→ Excerpted records

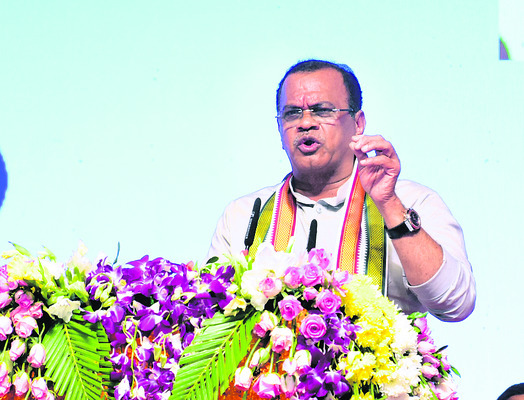 కూలీలు కరువు 
10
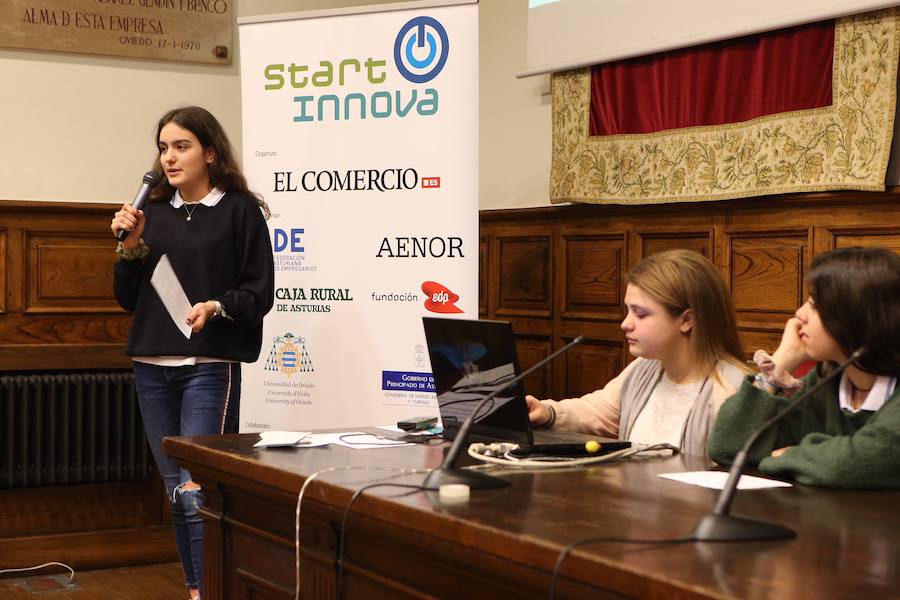 Medio centenar de estudiantes asturianos se han clasificado para la gran final de STARTinnova, el programa de fomento de la cultura emprendedora que promueve EL COMERCIO. Organizados en cinco equipos, han presentado sus proyectos ante un jurado de expertos en el Aula Magna del Edificio Histórico de la Universidad de Oviedo.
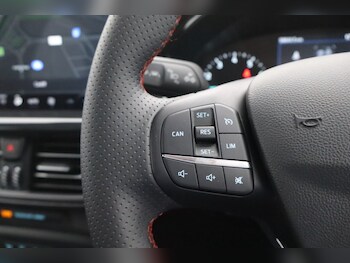 Used Ford Focus 2023 for sale - 78449953: Photo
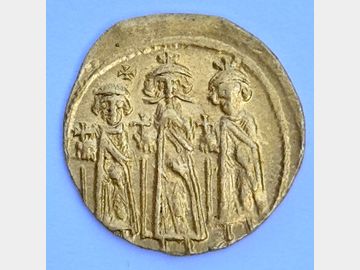 BYZANTINE GOLD SOLIDUS , HERACLIUS AD 637-638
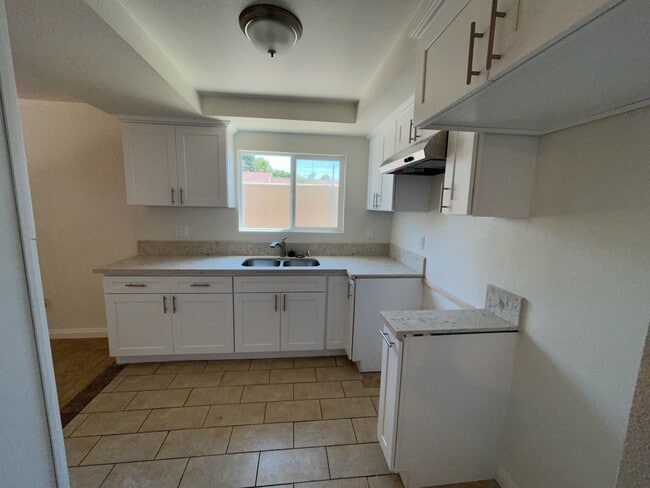 Building Photo - 125 Magnolia Ave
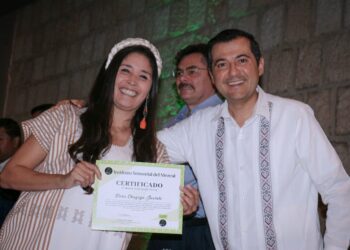Asiste presidente de la Junta de Coordinación Política, Luis Alfonso Silva Romo, a graduación de evaluadores sensoriales de mezcal
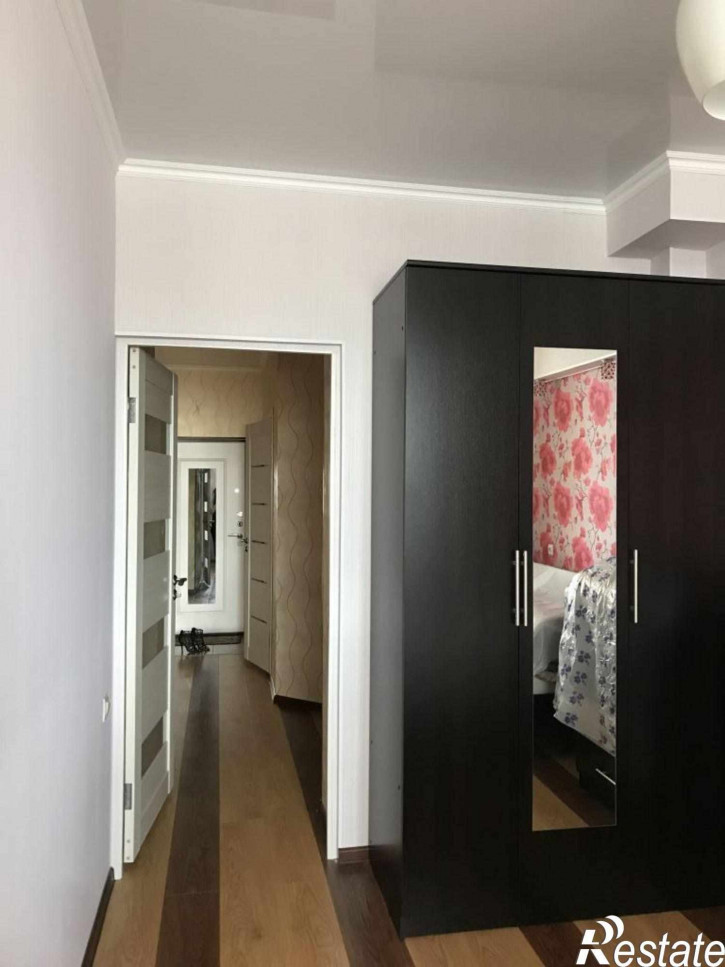 2-комн квартира Булгакова ул, 7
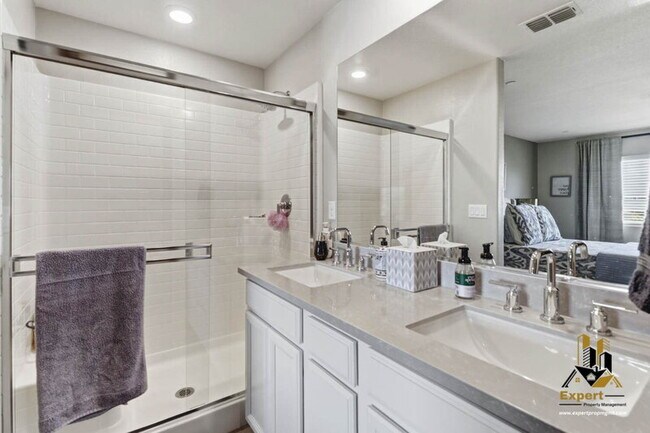 Building Photo - 8256 Schellhous Dr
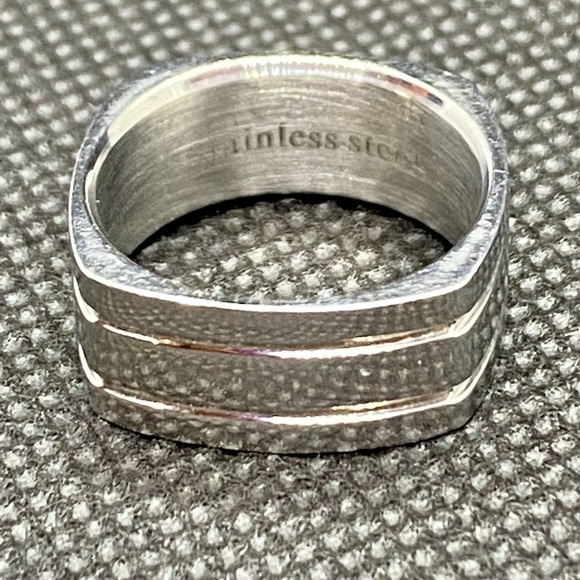 Size 6 Stainless Steel Band - Picture 3 of 4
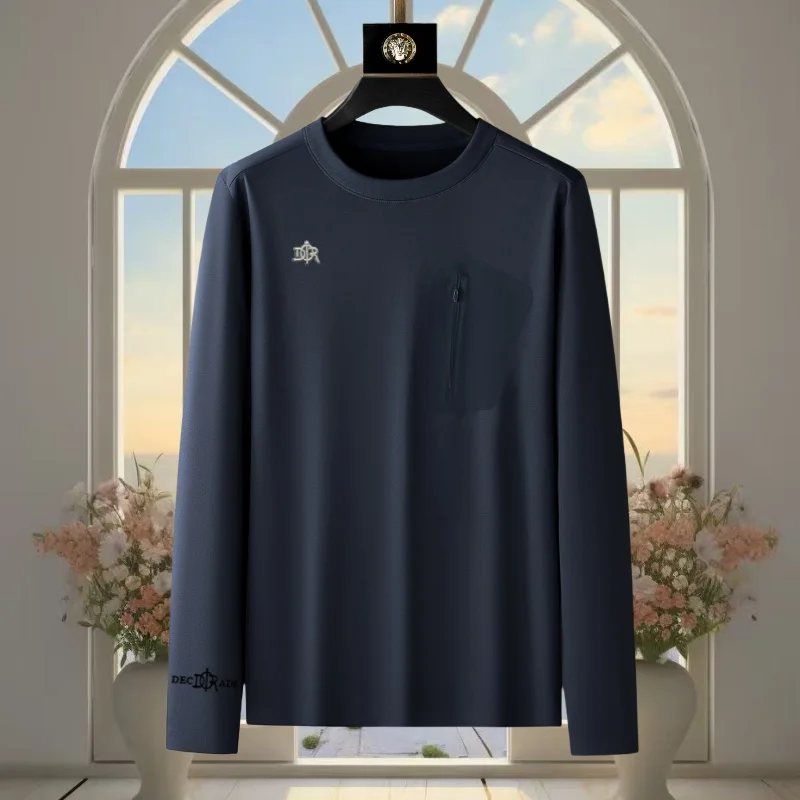 High end fashion springautumn comfortable casual long sleeved men's original letter embossed exquisite zipper decoration T-shirt
High end fashion springautumn comfortable casual long sleeved men's original letter embossed exquisite zipper decoration T-shirt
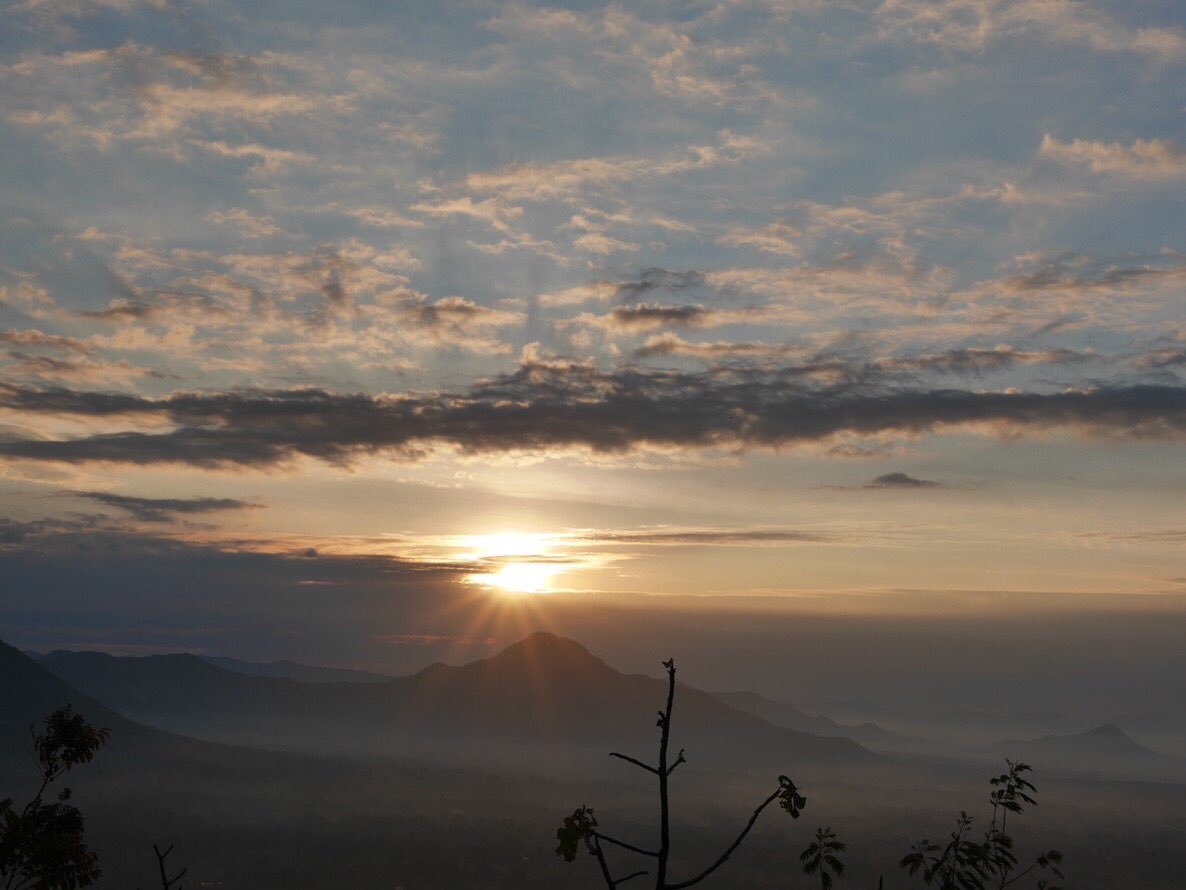 NANA121035's tweet photo. รอพระอาทิตย์ขึ้นที่ภูทอก เชียงคาน จังหวัดเลย🌥 #ภูทอก #เชียงคาน #เลย #พระอาทิตย์ #รีวิวไทยแลนด์ #รีวิวเลย #รีวิวเชียงคาน #ReviewThailand #reviewchiangKham #รีวิวภาคเหนือ https://t.co/OBCcDM2klz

→ Problem requirements
Would you mind returning each entry above word for word, skipping the images?

→ Exercise solution
 కూలీలు కరువు 
10
 Medio centenar de estudiantes asturianos se han clasificado para la gran final de STARTinnova, el programa de fomento de la cultura emprendedora que promueve EL COMERCIO. Organizados en cinco equipos, han presentado sus proyectos ante un jurado de expertos en el Aula Magna del Edificio Histórico de la Universidad de Oviedo.
 Used Ford Focus 2023 for sale - 78449953: Photo
 BYZANTINE GOLD SOLIDUS , HERACLIUS AD 637-638
 Building Photo - 125 Magnolia Ave
Asiste presidente de la Junta de Coordinación Política, Luis Alfonso Silva Romo, a graduación de evaluadores sensoriales de mezcal
 2-комн квартира Булгакова ул, 7
 Building Photo - 8256 Schellhous Dr
 Size 6 Stainless Steel Band - Picture 3 of 4
 High end fashion springautumn comfortable casual long sleeved men's original letter embossed exquisite zipper decoration T-shirt
High end fashion springautumn comfortable casual long sleeved men's original letter embossed exquisite zipper decoration T-shirt
 NANA121035's tweet photo. รอพระอาทิตย์ขึ้นที่ภูทอก เชียงคาน จังหวัดเลย🌥 #ภูทอก #เชียงคาน #เลย #พระอาทิตย์ #รีวิวไทยแลนด์ #รีวิวเลย #รีวิวเชียงคาน #ReviewThailand #reviewchiangKham #รีวิวภาคเหนือ https://t.co/OBCcDM2klz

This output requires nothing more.